January 9—Morning Devotion
“That will by no means clear the guilty,”—Exodus 34:7
Pause, my soul, over these solemn words! Will not Jehovah clear the guilty? And art thou not guilty? How then wilt thou come before God, either now or hereafter? Hearken, my soul, to what thy God hath also said; “deliver him from going down to the pit; I have found a ransom.” Oh! soul-reviving, soul-comforting words! yes, Jesus became my surety, took my guilt, and bought me out of the hands of law and justice. God hath not therefore cleared the guilty, without taking ample satisfaction on the person of the sinner’s surety. Hence now the double claim of justice and grace demands the sinner’s pardon. Here then, my soul, rest thy present and thine everlasting plea. Keep up a daily and hourly remembrance of it at the mercy seat. While Jesus lives, and lives there as thine advocate, never doubt thy acceptance in the beloved: guilty as thou art in thyself, yet spotless in him. The same God which made thy Jesus to be sin for thee, who knew no sin, makes thee the righteousness of God in him.

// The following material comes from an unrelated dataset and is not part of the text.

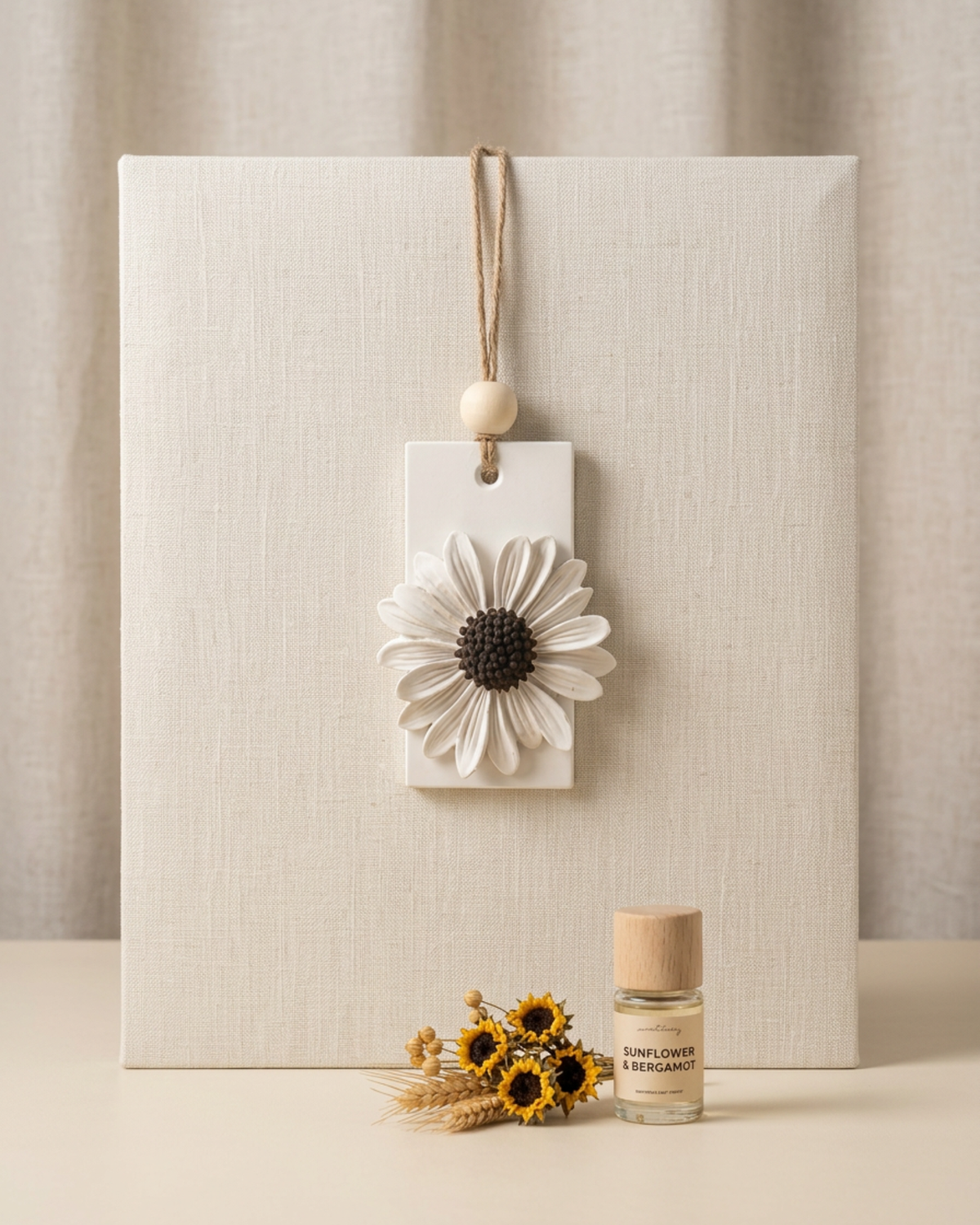 Sunflower hanging diffuser stone by Believe Candle – product view 2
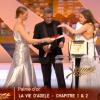 Uma Thurman remet la Palme d'or à La Vie d'Adèle lors de la cérémonie de clôture et la remise des prix du Festival de Cannes le 26 mai 2013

Robert Hawker (1753-1827) was an Anglican (High-Calvinist) preacher who served as Vicar of Charles Church, Plymouth. John Hazelton wrote of him:
“The prominent features…in Robert Hawker's testimony…was the Person of Christ….Dr. Hawker delighted to speak of his Lord as "My most glorious Christ.” What anxious heart but finds at times in the perusal of the doctor's writings a measure of relief, a softening, and a mellowing? an almost imperceptible yet secret and constraining power in leading out of self and off from the misery and bondage of the flesh into a contemplation of the Person and preciousness of Christ as "the chiefest among ten thousand and the altogether lovely." Christ and Him crucified was emphatically the burden of his song and the keynote of his ministry. He preached his last sermon in Charles Church on March 18th, 1827, and on April 6th he died, after being six years curate and forty-three years vicar of the parish. On the last day of his life he repeated a part of Ephesians 1, from the 6th to the 12th verses, and as he proceeded he enlarged on the verses, but dwelt more fully on these words: "To the praise of His glory Who first trusted in Christ." He paused and asked, "Who first trusted in Christ?" And then made this answer: "It was God the Father Who first trusted in Christ."